[Items from a dataset]

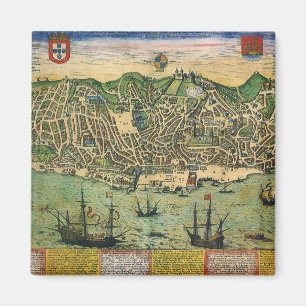 Antik karta, stadsplan av Lisbon, Portugal, 1598 Magnet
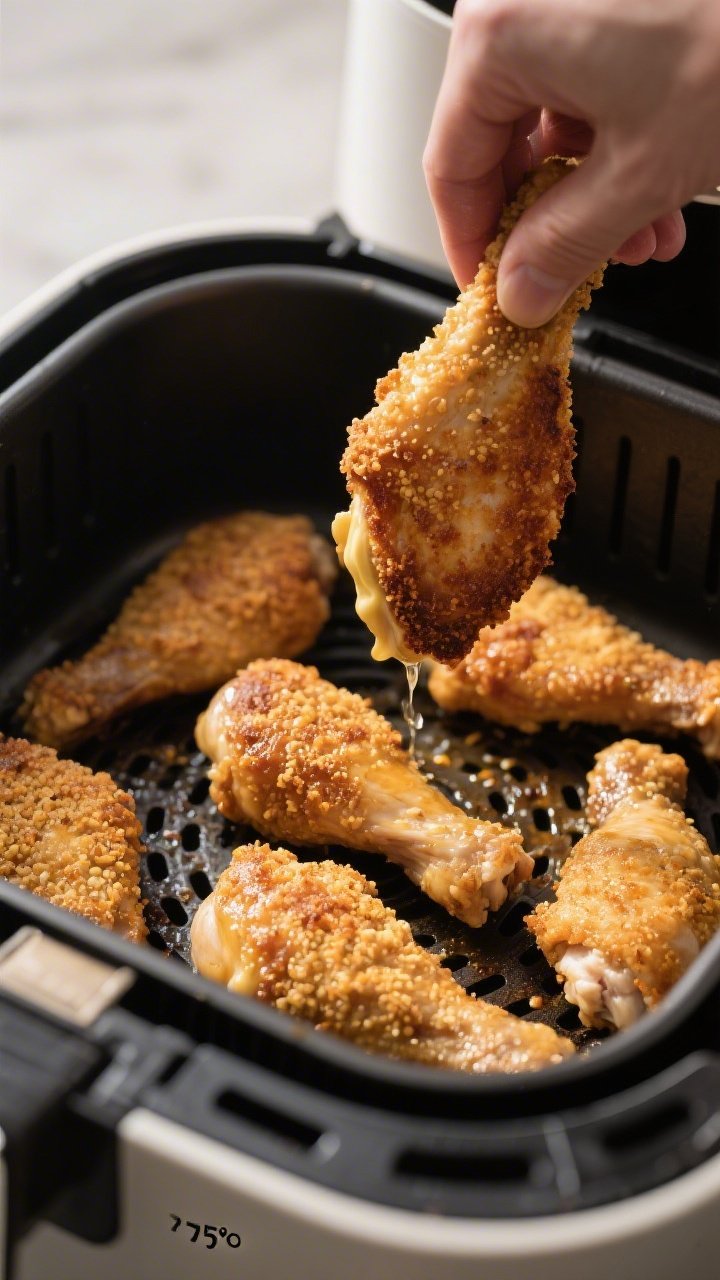 Cooking process: Mid-cook flip in the air fryer—arranged chicken pieces in a single, uncrowded lay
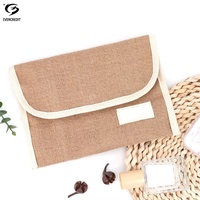 Pochette de voyage écologique en toile de jute naturelle avec logo personnalisé, organiseur de cosmétiques durable, sac cadeau pour femmes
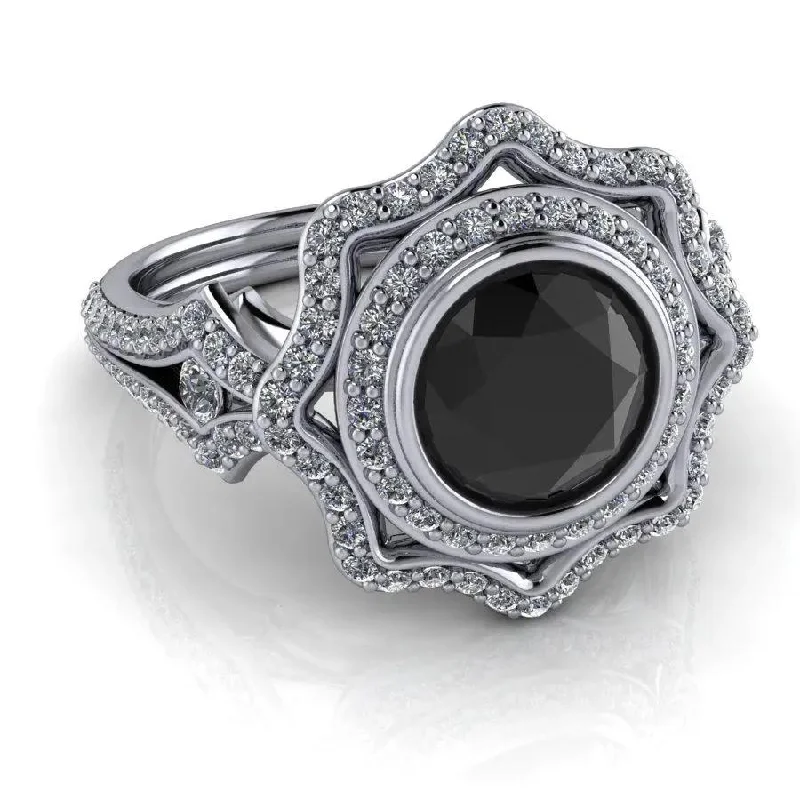 women's engagement rings with colored stones-1.98 ctw Vintage Style Diamond Engagement Ring, Black Diamond Ring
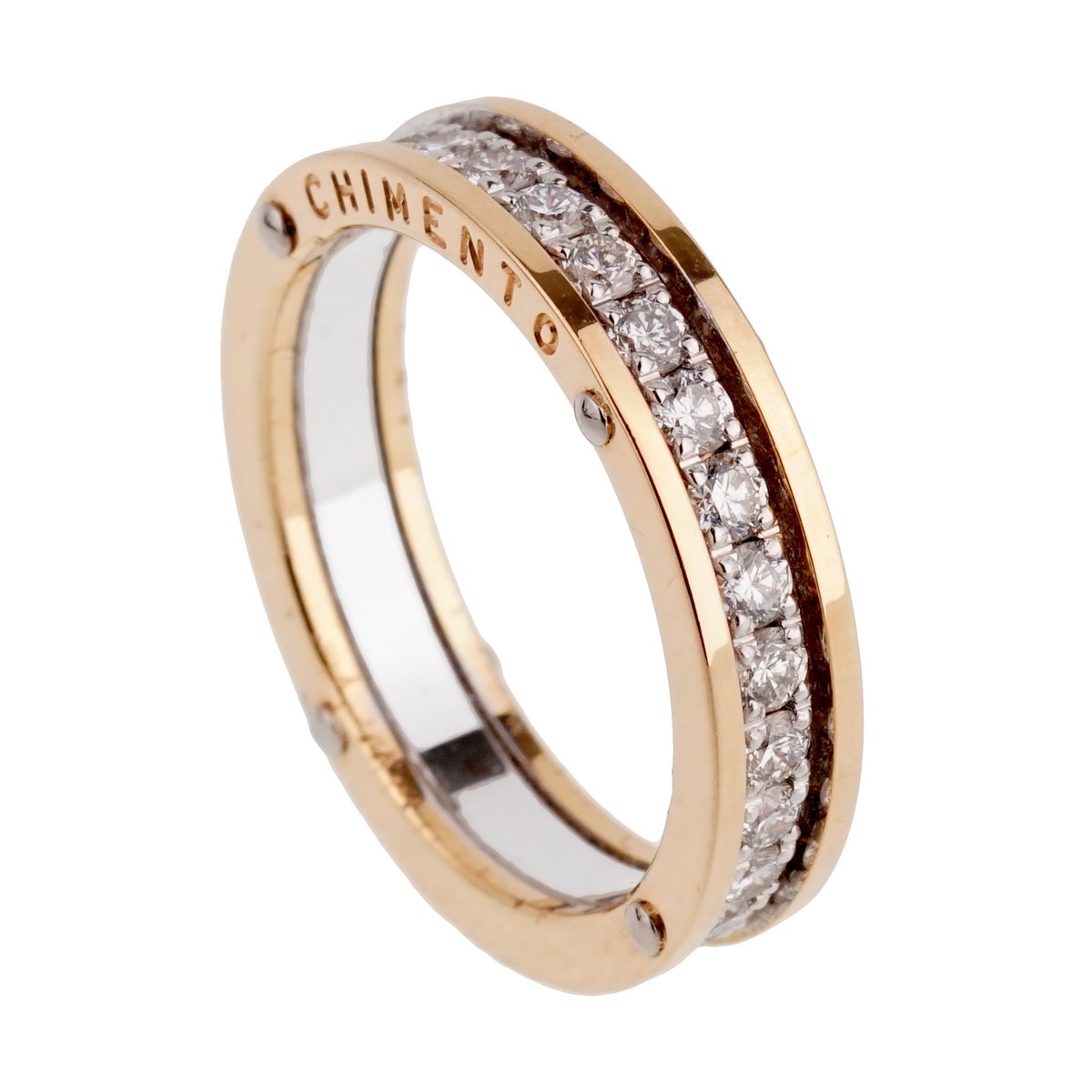 Chimento Diamond Eternity 18k White & Rose Gold Band Ring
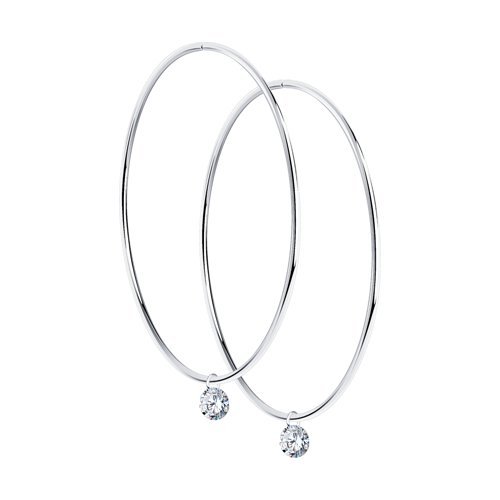 Серьги из серебра с фианитами (Арт.94024475)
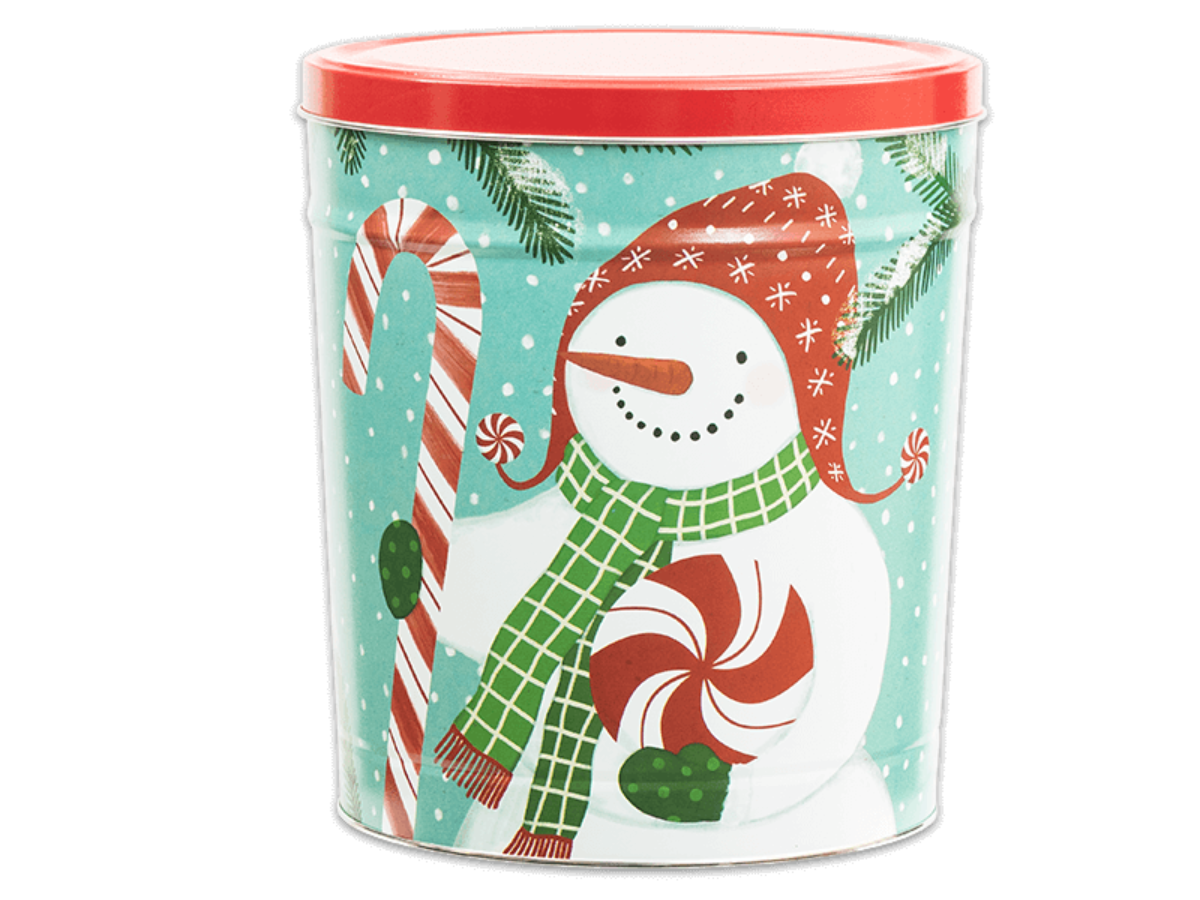 Peppermint Snowmen Popcorn Tin - 3.5 Gallon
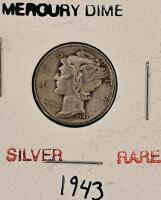 1904 Barber Dime & 1943 Mercury Dime 90% Silver, Circulated, US Collectible Coins - 5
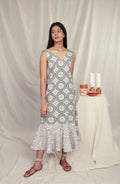 Multicolor Sleeveless Maxi Dress at Kamakhyaa by Anushé Pirani. This item is Block Prints, Casual Wear, Handwoven Cotton, Lounge Wear, Maxi Dresses, Multicolor, Natural, Prints, Recurring Dream Collection, Regular Fit, Sleeveless Dresses, Womenswear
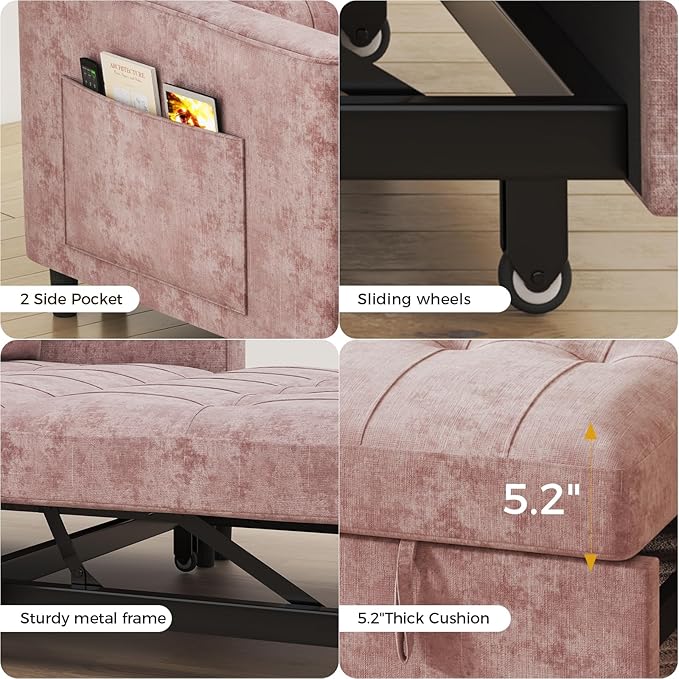 3 in 1 Convertible Sleeper Sofa Bed, Pull Out Couch Bed with Adjustable Backrest, Chenille Loveseat Couches with Side Pocket for Living Room, Bedroom (Pink)-CasaMuseHome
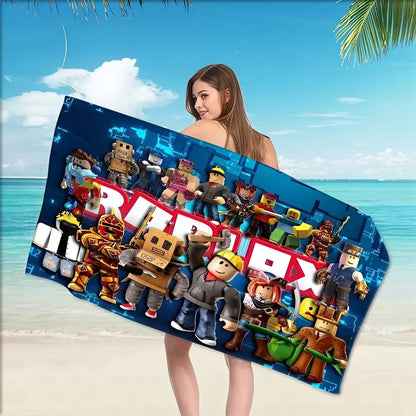 Game-R-Robloxs Beach Towel Colorful Bath Towels For Girl Microfiber Quick Dry Custom Sand Free Beach Yoga Spa Gym Pool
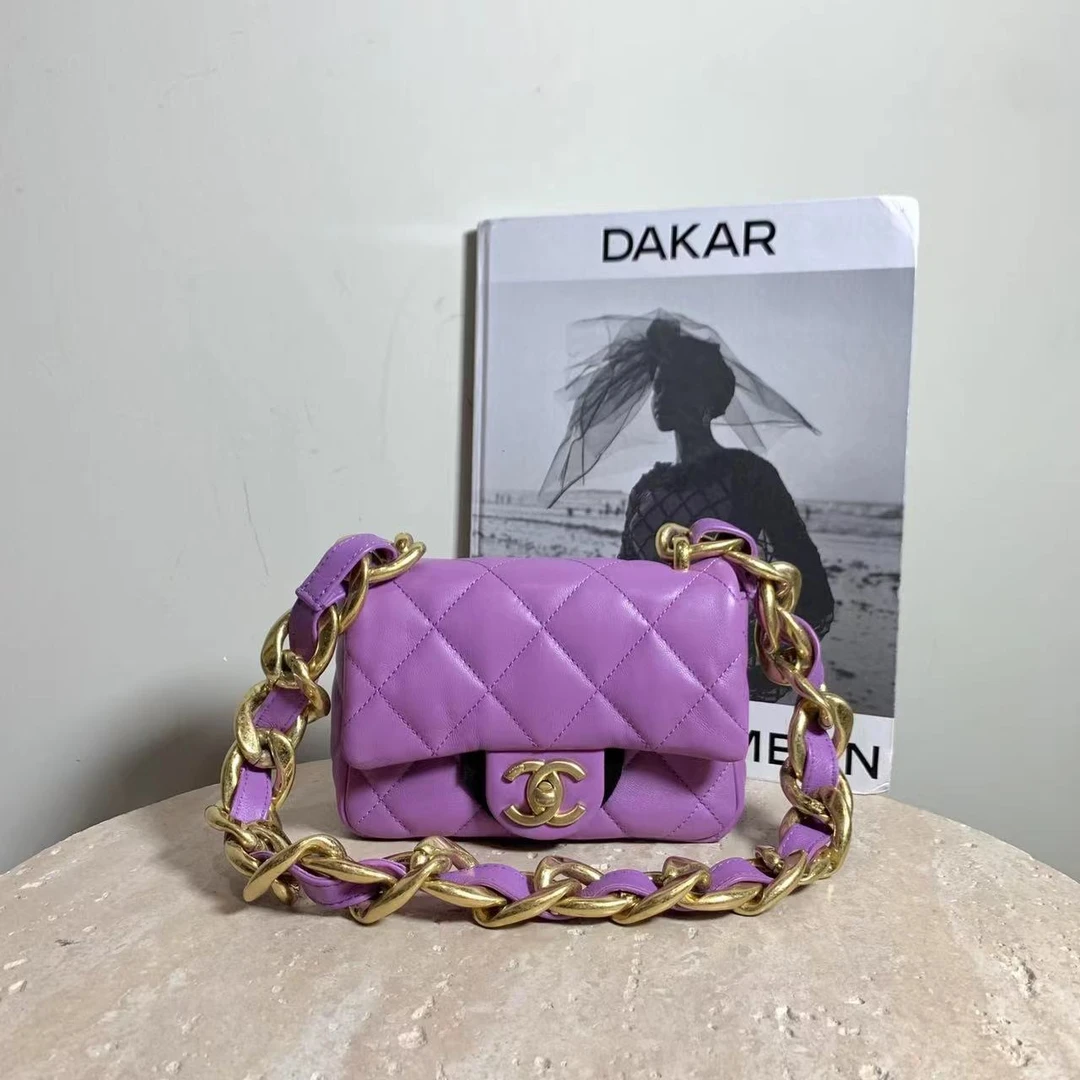 99新 Chanel/香奈儿 壹臻/22S紫色粗链条方胖子斜挎包/97742157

** What you are asked to do **
Restate word for word, and only, the lines from the line that contains "Cooking process: Mid-cook" through the end of the data, both included; pictures are not part of the copy.

** Answer to the problem **
 Cooking process: Mid-cook flip in the air fryer—arranged chicken pieces in a single, uncrowded lay
 Pochette de voyage écologique en toile de jute naturelle avec logo personnalisé, organiseur de cosmétiques durable, sac cadeau pour femmes
 women's engagement rings with colored stones-1.98 ctw Vintage Style Diamond Engagement Ring, Black Diamond Ring
 Chimento Diamond Eternity 18k White & Rose Gold Band Ring
 Серьги из серебра с фианитами (Арт.94024475)
 Peppermint Snowmen Popcorn Tin - 3.5 Gallon
 1904 Barber Dime & 1943 Mercury Dime 90% Silver, Circulated, US Collectible Coins - 5
 Multicolor Sleeveless Maxi Dress at Kamakhyaa by Anushé Pirani. This item is Block Prints, Casual Wear, Handwoven Cotton, Lounge Wear, Maxi Dresses, Multicolor, Natural, Prints, Recurring Dream Collection, Regular Fit, Sleeveless Dresses, Womenswear
 3 in 1 Convertible Sleeper Sofa Bed, Pull Out Couch Bed with Adjustable Backrest, Chenille Loveseat Couches with Side Pocket for Living Room, Bedroom (Pink)-CasaMuseHome
 Game-R-Robloxs Beach Towel Colorful Bath Towels For Girl Microfiber Quick Dry Custom Sand Free Beach Yoga Spa Gym Pool
 99新 Chanel/香奈儿 壹臻/22S紫色粗链条方胖子斜挎包/97742157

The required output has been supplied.